+++ Provided information +++
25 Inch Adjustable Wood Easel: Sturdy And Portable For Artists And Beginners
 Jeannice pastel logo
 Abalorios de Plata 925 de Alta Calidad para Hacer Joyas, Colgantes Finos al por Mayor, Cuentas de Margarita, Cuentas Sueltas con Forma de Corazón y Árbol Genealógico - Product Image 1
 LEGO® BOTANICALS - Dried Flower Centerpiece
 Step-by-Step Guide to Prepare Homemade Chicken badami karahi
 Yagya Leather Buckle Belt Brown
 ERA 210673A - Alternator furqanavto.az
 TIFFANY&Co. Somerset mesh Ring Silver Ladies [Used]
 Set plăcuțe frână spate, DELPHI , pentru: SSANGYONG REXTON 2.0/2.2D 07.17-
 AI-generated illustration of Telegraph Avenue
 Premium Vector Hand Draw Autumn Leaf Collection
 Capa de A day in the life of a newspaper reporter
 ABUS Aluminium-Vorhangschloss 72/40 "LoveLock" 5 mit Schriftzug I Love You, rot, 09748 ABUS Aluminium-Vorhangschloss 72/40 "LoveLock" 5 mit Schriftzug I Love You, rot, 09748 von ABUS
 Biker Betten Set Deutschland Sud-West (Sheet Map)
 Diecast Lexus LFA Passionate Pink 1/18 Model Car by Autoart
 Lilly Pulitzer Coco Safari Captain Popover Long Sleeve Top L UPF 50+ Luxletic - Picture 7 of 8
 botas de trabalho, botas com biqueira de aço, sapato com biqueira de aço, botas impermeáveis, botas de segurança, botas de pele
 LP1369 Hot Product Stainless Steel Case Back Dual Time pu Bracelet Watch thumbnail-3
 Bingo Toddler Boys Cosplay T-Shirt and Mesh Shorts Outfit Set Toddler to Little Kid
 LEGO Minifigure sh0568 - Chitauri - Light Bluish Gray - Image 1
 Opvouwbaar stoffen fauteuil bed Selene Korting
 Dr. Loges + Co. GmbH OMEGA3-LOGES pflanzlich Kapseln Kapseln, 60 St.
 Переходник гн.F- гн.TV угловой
+++
Write the entries again, exactly as they stand.

25 Inch Adjustable Wood Easel: Sturdy And Portable For Artists And Beginners
 Jeannice pastel logo
 Abalorios de Plata 925 de Alta Calidad para Hacer Joyas, Colgantes Finos al por Mayor, Cuentas de Margarita, Cuentas Sueltas con Forma de Corazón y Árbol Genealógico - Product Image 1
 LEGO® BOTANICALS - Dried Flower Centerpiece
 Step-by-Step Guide to Prepare Homemade Chicken badami karahi
 Yagya Leather Buckle Belt Brown
 ERA 210673A - Alternator furqanavto.az
 TIFFANY&Co. Somerset mesh Ring Silver Ladies [Used]
 Set plăcuțe frână spate, DELPHI , pentru: SSANGYONG REXTON 2.0/2.2D 07.17-
 AI-generated illustration of Telegraph Avenue
 Premium Vector Hand Draw Autumn Leaf Collection
 Capa de A day in the life of a newspaper reporter
 ABUS Aluminium-Vorhangschloss 72/40 "LoveLock" 5 mit Schriftzug I Love You, rot, 09748 ABUS Aluminium-Vorhangschloss 72/40 "LoveLock" 5 mit Schriftzug I Love You, rot, 09748 von ABUS
 Biker Betten Set Deutschland Sud-West (Sheet Map)
 Diecast Lexus LFA Passionate Pink 1/18 Model Car by Autoart
 Lilly Pulitzer Coco Safari Captain Popover Long Sleeve Top L UPF 50+ Luxletic - Picture 7 of 8
 botas de trabalho, botas com biqueira de aço, sapato com biqueira de aço, botas impermeáveis, botas de segurança, botas de pele
 LP1369 Hot Product Stainless Steel Case Back Dual Time pu Bracelet Watch thumbnail-3
 Bingo Toddler Boys Cosplay T-Shirt and Mesh Shorts Outfit Set Toddler to Little Kid
 LEGO Minifigure sh0568 - Chitauri - Light Bluish Gray - Image 1
 Opvouwbaar stoffen fauteuil bed Selene Korting
 Dr. Loges + Co. GmbH OMEGA3-LOGES pflanzlich Kapseln Kapseln, 60 St.
 Переходник гн.F- гн.TV угловой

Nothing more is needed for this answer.